You Heard It Here First

Partially inspired by this piece about television posted by my boss on Reality Sandwich, I would like to make a suggestion, and coin a phrase which I hope will catch on and help inspire others...

We're all extremely familiar with so-called "Reality TV" that genre of entertainment which puts "ordinary" people into semi-controlled but unscripted situations just to see what happens. The genre started out only slightly creepy, but to nobody's surprise quickly became unabashedly crass and exploitative, and ever increasingly divorced from "Reality." Of course, it IS real, in the sense that actual human beings do actually submit to the often outlandish things asked of them, whether it be to suck up to Donald Trump, or choke down a length of horse-rectum (which would YOU find more degrading?).

Well, not only does TV capture/reflect Reality but it also shapes it. People in the TV industry tend to discount the notion that their programming could possibly influence behavior. Yet, we all know that kids ape the "Jackass" guys despite being warned not to try this at home, not to mention the fact that the very existence of commercial TV is predicated on the belief (and the evidence) that the commercials will indeed influence consumer purchasing behavior on a mass scale. If you doubt TV's power to determine what real-life turns into, consider this: there had never been a single instance of a drive-by shooting amongst rural middle-American teens until shortly after MTV started airing gangsta rap videos. As frivolous and dismissible as you may think MTV-fluff is, it reaches greater numbers of impressionable kids than any other single television entity in the world. Would kids in rural Nebraska ever have come up with the "drive-by" on their own? I kinda doubt it.

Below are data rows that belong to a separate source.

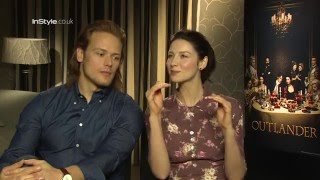 'Outlander' Stars Sam Heughan And Caitriona Balfe Play InStyle Agony Aunts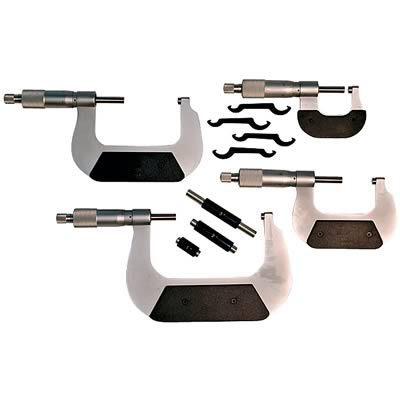 Proform parts 67437 micrometer steel 0-4.0" range .0001" increments set of 4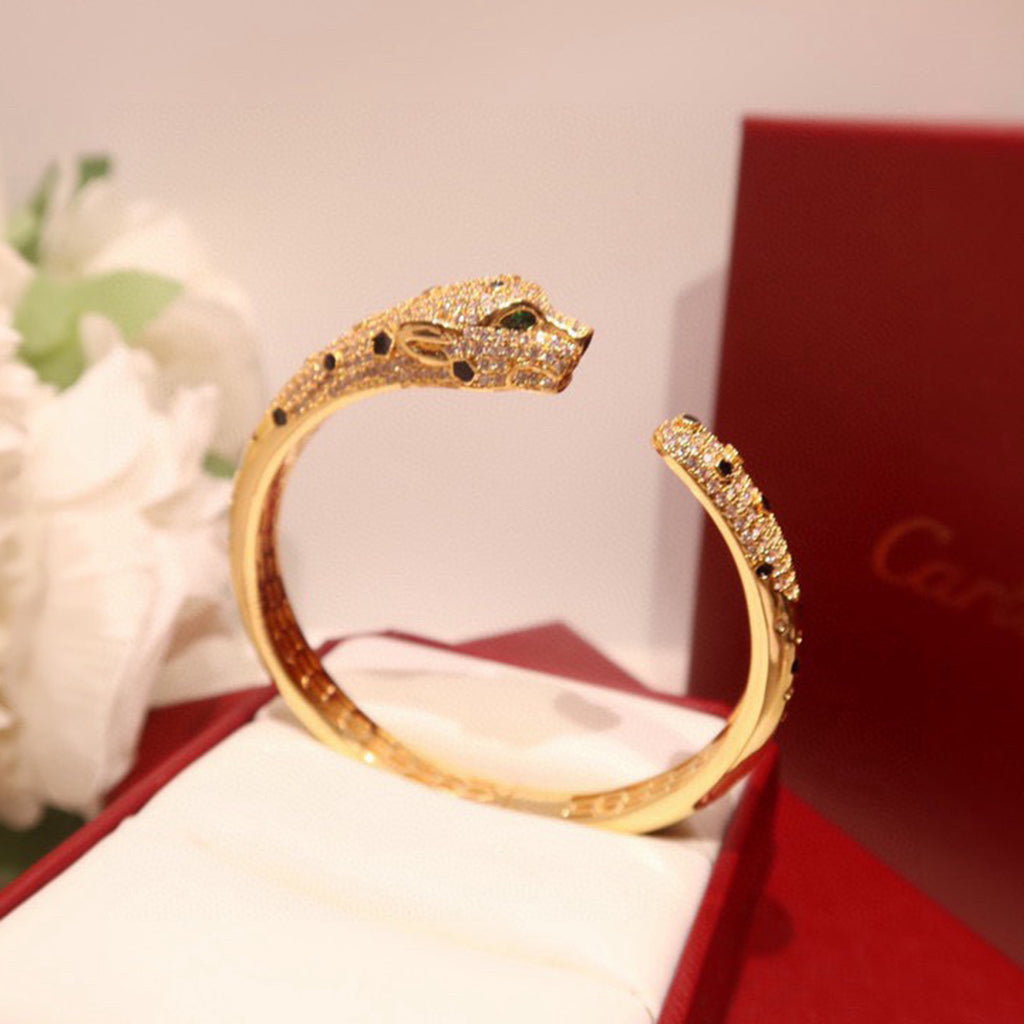 [OAKJURI Jewelry] PANTHERE BIG BRACELET DIAMONDS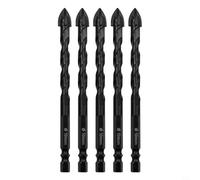 Metal Drill Bit Sets,5PCS Multifunctional Triangle Drills,Carbide With Hexagon Shank For Glass Ceramic Brick Walls Wood(10mm)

So, in a sense, all TV is "reality" TV. Commercial TV is a real thing. It has an agenda, which is also real, and while presenting itself as shiny happy and pretty, it is actually unhealthy, anti-human and even anti-common-sense. If left alone, what sort of reality will TV create for us? A world where even a war-mongering chimpanzee can become president. Not my first choice of a world to live in, but here we are.

SO... what I think we need is something else for people to watch. There's plenty of video content that strives for a better way of life, pushes a healthier agenda, but it's still few and far between and there's no general umbrella term to unify it all, lending it greater weight... the strength of being easily identified as part of a genre, or even a movement. There needs to be a name for this good stuff, whether found on the web, or on the fringes of broadcast/cable. I propose calling it: Alternate Reality TV.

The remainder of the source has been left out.